**What you need to do:** Scan the records below for the line with "Barbie Pferd Mit" and the line with "3 - 1758 Victoria", and retype that range exactly, both ends included, pictures excepted.

**Information:**

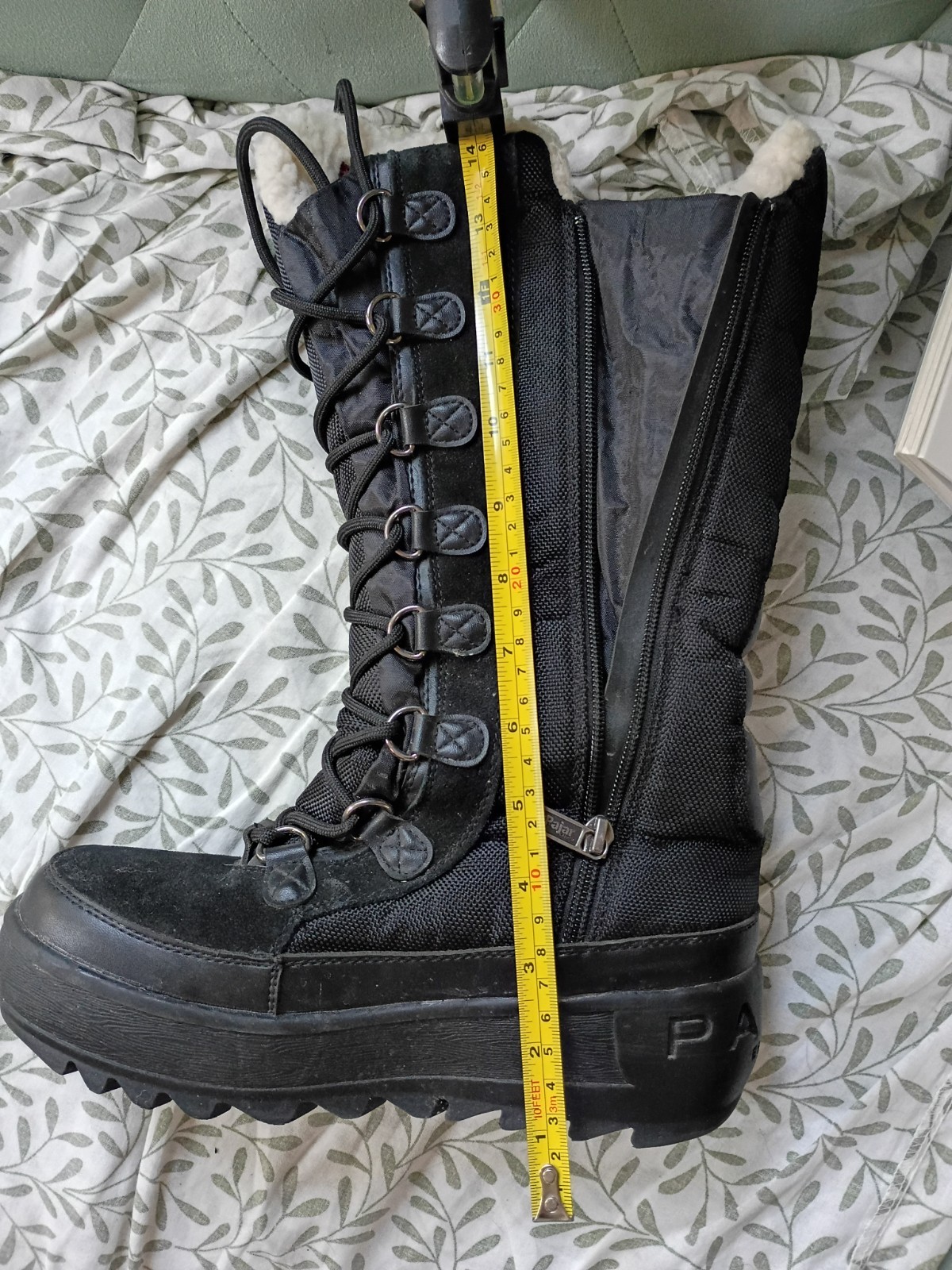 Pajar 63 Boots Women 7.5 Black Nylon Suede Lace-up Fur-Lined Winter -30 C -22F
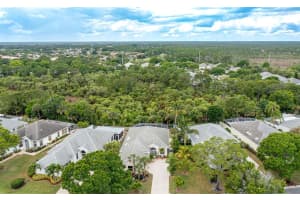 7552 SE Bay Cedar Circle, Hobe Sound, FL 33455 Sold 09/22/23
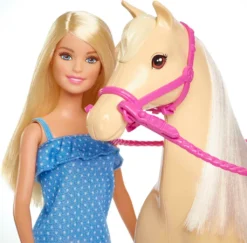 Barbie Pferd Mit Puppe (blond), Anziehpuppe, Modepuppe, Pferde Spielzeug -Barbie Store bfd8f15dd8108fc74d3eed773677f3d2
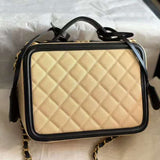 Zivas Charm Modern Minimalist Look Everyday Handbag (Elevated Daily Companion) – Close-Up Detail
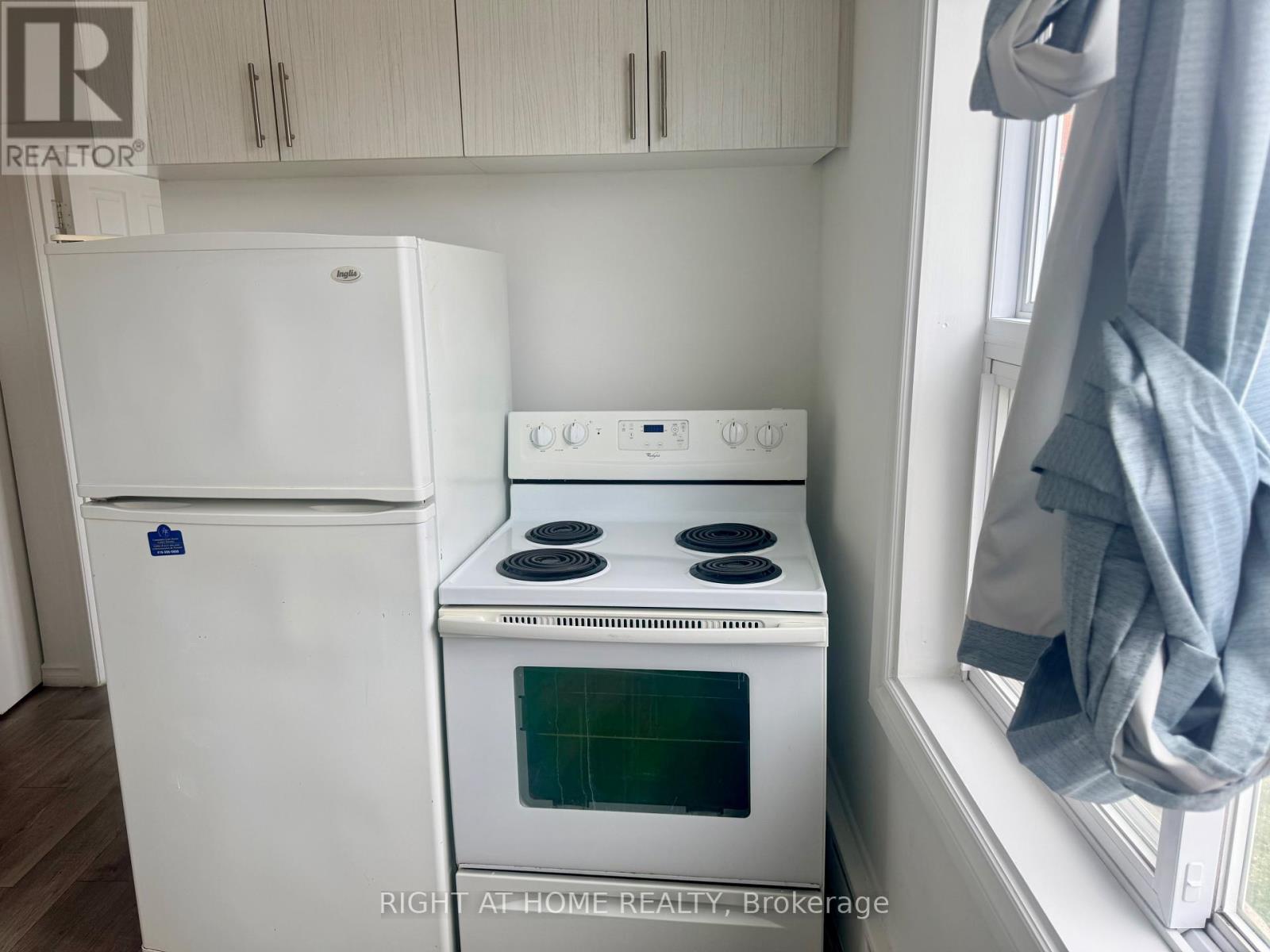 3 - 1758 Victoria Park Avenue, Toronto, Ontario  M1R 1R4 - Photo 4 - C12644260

--

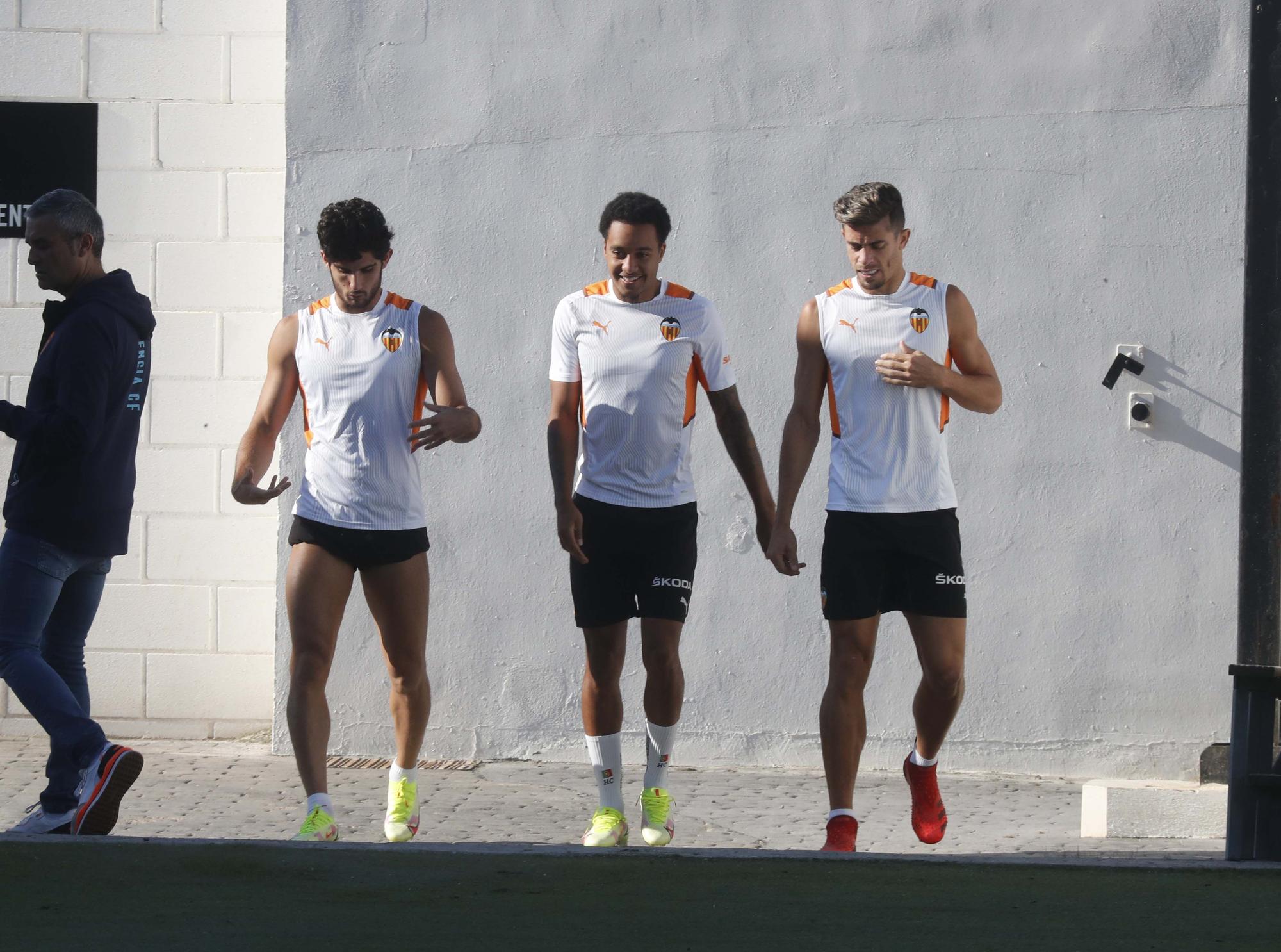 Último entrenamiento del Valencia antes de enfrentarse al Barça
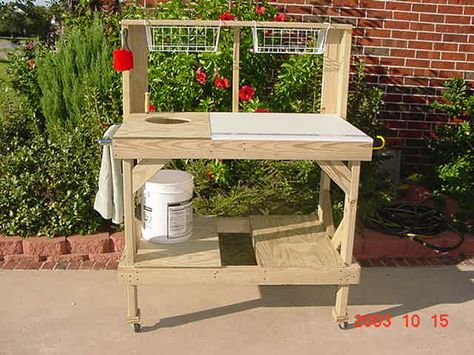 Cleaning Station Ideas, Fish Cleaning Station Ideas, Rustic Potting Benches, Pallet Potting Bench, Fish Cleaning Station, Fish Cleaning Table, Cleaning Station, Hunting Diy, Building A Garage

**Written response:**
 Barbie Pferd Mit Puppe (blond), Anziehpuppe, Modepuppe, Pferde Spielzeug -Barbie Store bfd8f15dd8108fc74d3eed773677f3d2
 Zivas Charm Modern Minimalist Look Everyday Handbag (Elevated Daily Companion) – Close-Up Detail
 3 - 1758 Victoria Park Avenue, Toronto, Ontario  M1R 1R4 - Photo 4 - C12644260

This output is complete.